--- COLLECTED MATERIAL Enclosed Below ---

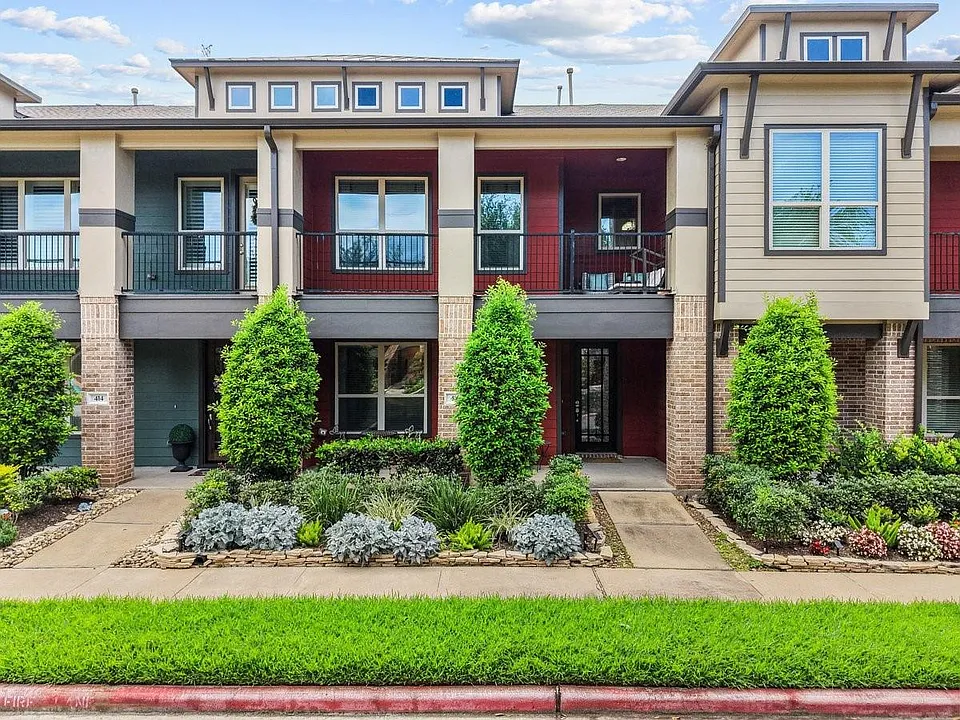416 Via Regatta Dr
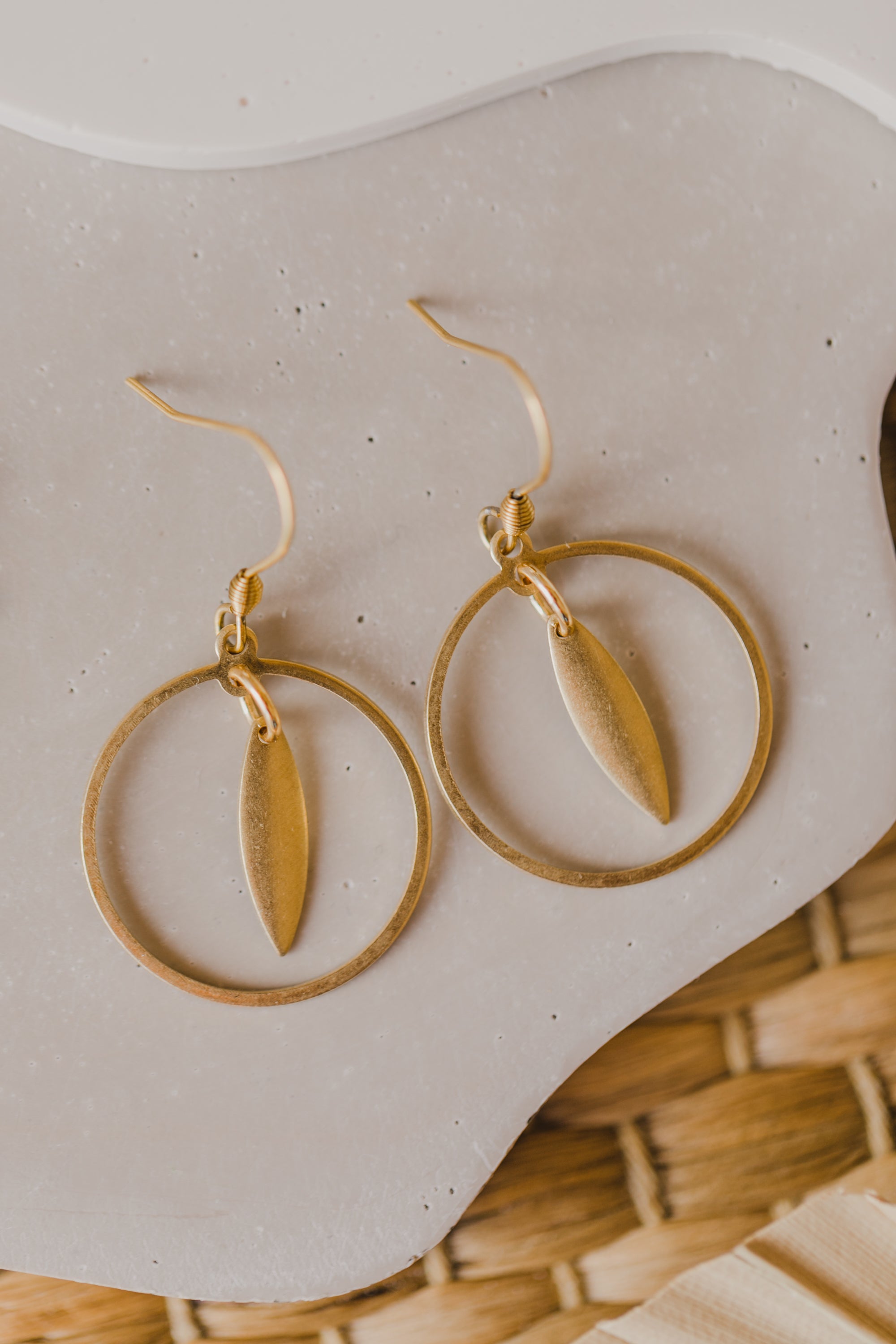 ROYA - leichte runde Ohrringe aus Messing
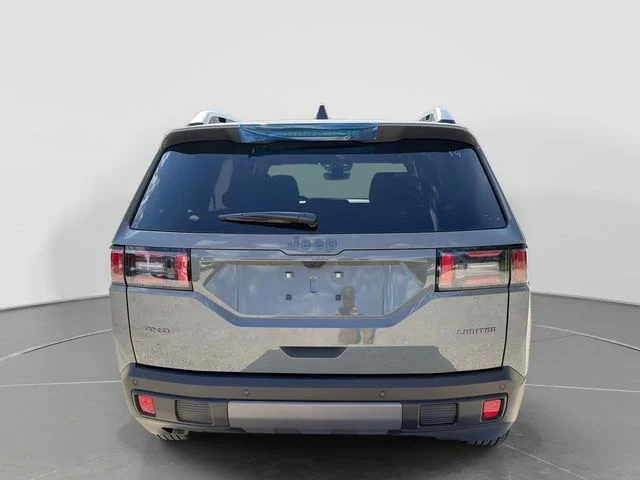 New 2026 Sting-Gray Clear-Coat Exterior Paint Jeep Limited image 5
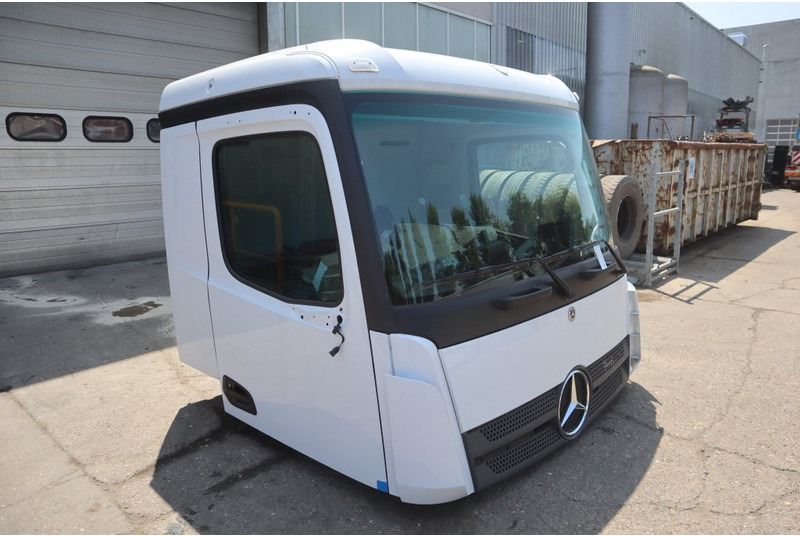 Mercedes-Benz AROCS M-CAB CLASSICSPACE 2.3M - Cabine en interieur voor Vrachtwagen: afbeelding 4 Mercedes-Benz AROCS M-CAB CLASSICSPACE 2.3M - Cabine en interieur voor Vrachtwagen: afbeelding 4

--- End of Enclosed COLLECTED MATERIAL ---

Pictures aside, reproduce all of the material above without alteration.

* _EXERCISE SOLUTION_
416 Via Regatta Dr
 ROYA - leichte runde Ohrringe aus Messing
 New 2026 Sting-Gray Clear-Coat Exterior Paint Jeep Limited image 5
 Mercedes-Benz AROCS M-CAB CLASSICSPACE 2.3M - Cabine en interieur voor Vrachtwagen: afbeelding 4 Mercedes-Benz AROCS M-CAB CLASSICSPACE 2.3M - Cabine en interieur voor Vrachtwagen: afbeelding 4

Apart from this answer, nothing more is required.